Once the new setting and new character configurations dig in, and Isla Sorna starts to hint at the true scale of its horrors, Malcolm is still only equipped to theorize. No wonder Crichton moves so swiftly to break more of his bones and leave the derring-do to those who can do it.


....Harding said, "It was bound to happen, Ian. You know you can't expect to observe the animals without changing anything. It's a scientific impossibility."

    "Of course it is," Malcolm said. "That's the greatest single scientific discovery of the twentieth century. You can't study anything without changing it."

    Since Galileo, scientists had adopted the view that they were objective observers of the natural world. That was implicit in every aspect of their behavior, even the way they wrote scientific papers, saying things like "It was observed . . ." As if nobody had observed it. For three hundred years, that impersonal quality was the hallmark of science. Science was objective, and the observer had no influence on the results he or she described.

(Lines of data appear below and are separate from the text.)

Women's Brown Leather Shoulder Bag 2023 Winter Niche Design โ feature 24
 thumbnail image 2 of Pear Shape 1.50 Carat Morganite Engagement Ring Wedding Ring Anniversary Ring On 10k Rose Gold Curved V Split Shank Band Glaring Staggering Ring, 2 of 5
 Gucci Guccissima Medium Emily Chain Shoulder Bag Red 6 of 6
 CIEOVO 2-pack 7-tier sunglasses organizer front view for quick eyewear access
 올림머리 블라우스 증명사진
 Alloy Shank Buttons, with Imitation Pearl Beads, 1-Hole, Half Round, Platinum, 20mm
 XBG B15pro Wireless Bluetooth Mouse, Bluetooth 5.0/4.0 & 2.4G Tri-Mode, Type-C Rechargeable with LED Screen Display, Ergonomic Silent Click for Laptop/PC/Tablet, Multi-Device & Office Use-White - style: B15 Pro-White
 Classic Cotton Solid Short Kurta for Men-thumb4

    This objectivity made science different from the humanities, or from religion—fields where the observer's point of view was integral, where the observer was inextricably mixed up in the results observed.

    But in the twentieth century, that difference had vanished. Scientific objectivity was gone, even at the most fundamental levels. Physicists now knew you couldn't even measure a single subatomic particle without affecting it totally. If you stuck your instruments in to measure a particle's position, you changed its velocity. If you measured its velocity, you changed its position. That basic truth became the Heisenberg uncertainty principle: that whatever you studied you also changed. In the end, it became clear that all scientists were participants in a participatory universe which did not allow anyone to be a mere observer. 

    "I know objectivity is impossible," Malcolm said impatiently. "I'm not concerned about that."

    "Then what are you concerned about?"

    "I'm concerned about the Gambler's Ruin," Malcolm said, staring at the monitor.

     

    Gambler's Ruin was a notorious and much-debated statistical phenomenon that had major consequences both for evolution, and for everyday life. "Let's say you're a gambler," he said. "And you're playing a coin-toss game. Every time the coin comes up heads, you win a dollar. Every time it comes up tails, you lose a dollar."

    "Okay . . ."

    "What happens over time?"

    Harding shrugged. "The chances of getting either heads or tails is even. So maybe you win, maybe you lose. But in the end, you'll come out at zero."

    "Unfortunately, you don't," Malcolm said. "If you gamble long enough, you'll always lose—the gambler is always ruined. That's why casinos stay in business. But the question is, what happens over time? What happens in the period before the gambler is finally ruined?"

    "Okay," she said. "What happens?"

    "If you chart the gambler's fortunes over time, what you find is the gambler wins for a period, or loses for a period. In other words, everything in the world goes in streaks. It's a real phenomenon, and you see it everywhere: in weather, in river flooding, in baseball, in heart rhythms, in stock markets. Once things go bad, they tend to stay bad. Like the old folk saying that bad things come in threes. Complexity theory tells us the folk wisdom is right. Bad things cluster. Things go to hell together. That's the real world."

    "So what are you saying? That things are going to hell now?"

    "They could be, thanks to Dodgson," Malcolm said, frowning at the monitor....


***


Both Jurassic Park and The Lost World have their problems as SF thrillers. I suspect that is why their film adaptations have been such an unsatisfactory treatment of the plot materials.  [The most egregious example of this is the transformation of John Hammond from a deadly dangerous pragmatist into a sugary blob with a twinkling eye.]


The novel The Lost World faces up to unpleasant questions and seems to revel in their dire ramifications with more ardor than Jurassic Park.  It is much more Moreau's kind of island than Disney's, or Spielberg's.